China blamed for RSA attack during Armed Services hearingby Steve Ragan - Mar 28 2012, 12:15
China blamed for RSA attack during Armed Services hearing. IMG: EMC
The commander of the U.S. Cyber Command, General Keith Alexander, told the Senate Armed Services Committee on Tuesday that China was responsible for last year’s attack on RSA, which resulted in alleged compromise of their SecurID tokens.
“We are seeing increased exploitation in to industry, government, other government agencies, and the theft to intellectual property is astounding,” General Alexander said.
RSA has never fully explained what was breached, but the attack was quickly blamed on a nation state, including China.
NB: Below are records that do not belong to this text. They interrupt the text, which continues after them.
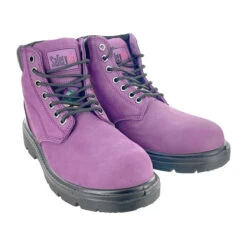 Safety Girl Women's Somerset Purple 6" Waterproof EH PR Steel Toe Boots - 15501-PUR -Matisse Footwear shop rbvc0hfi9sv2lmoxl1vg 10127.1704215947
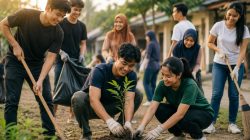 Peran Generasi Muda dalam Mewujudkan Perubahan Positif di Lingkungan Masyarakat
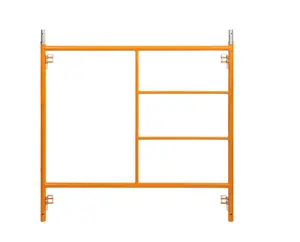 Comaccord Steel Ladder Platform H Frame Scaffolding for Construction Best Quality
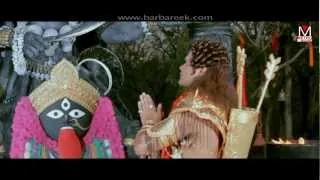Neeele Ghode Pe [Original Video] Mahabharat Aur Barbareek- Hema malini, Gracy singh & Amit Rao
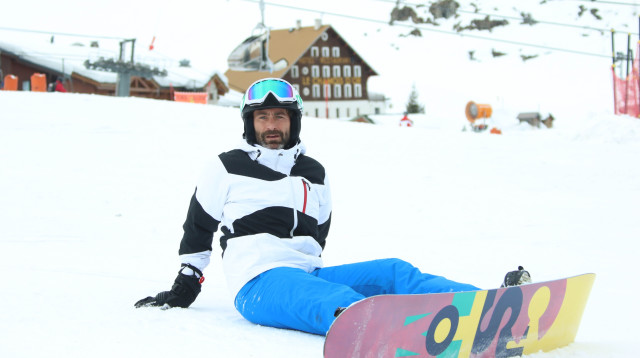 יהודה לוי (צילום: גיל קרמר)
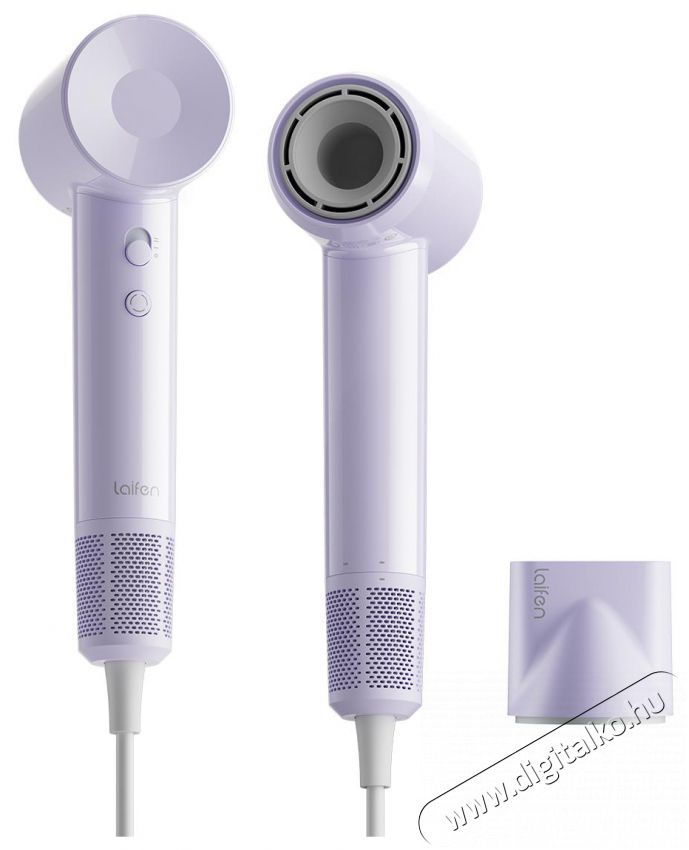 Laifen SWIFT SE Lite Glossy Purple Sz&eacute;ps&eacute;g&aacute;pol&aacute;s / Eg&eacute;szs&eacute;g - Haj&aacute;pol&aacute;s - Hajsz&aacute;r&iacute;t&oacute; - 510546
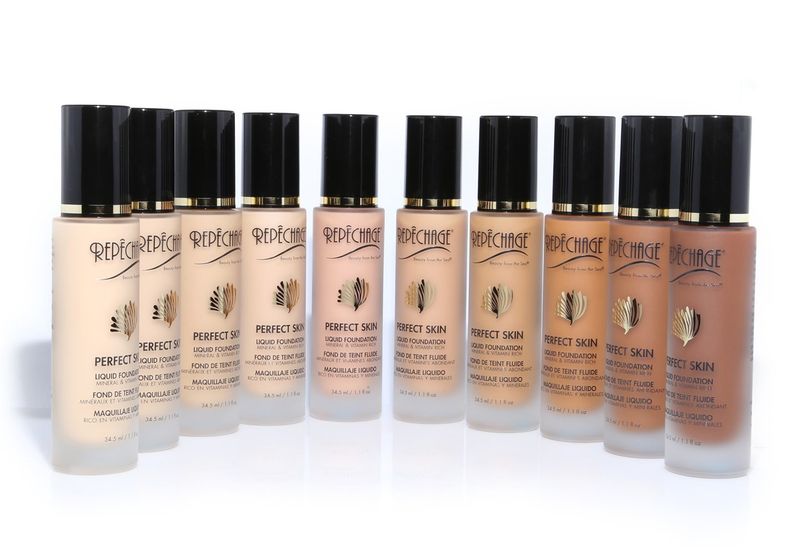 Perfect Skin Liquid Foundation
All anyone knows for fact is that while the information stolen didn’t enable a direct attack on SecurID customers, it could have been potentially used “to reduce the effectiveness of a current two-factor authentication implementation as part of a broader attack.”
During a briefing for press at RSA’s headquarters in Bedford, Mass. earlier this year, The Tech Herald learned that the primary reason that RSA would not comment on the identity of their attackers, or even offer speculation, was the lack of quality intelligence.
According to EMC’s security arm, the trail got cold when they investigated the breach. It was concluded that a nation state was to blame, but the company will not confirm or deny the speculation that China was responsible without solid facts.
While answering questions about intellectual property theft by China, General Alexander told the Armed Services Committee members that once recent example would be the attack on RSA.
“The ability to do it against a company like RSA is such a high-order capability that, if they can do it against RSA, that makes other companies vulnerable,” he said.
The idea, he added, is to “make it more difficult for the Chinese to do what they're doing.”
“The analogy that I’d put on the table is, we have all our money in our banks, but our banks have the money out on tables in New York City at the park. And we’re losing the money and we’re wondering why. Our intellectual property isn't well protected, and we can do a better job at protecting it.”
General Alexander was speaking to the Armed Services Committee as part of a review of the Defense Authorization Request for Fiscal Year 2013.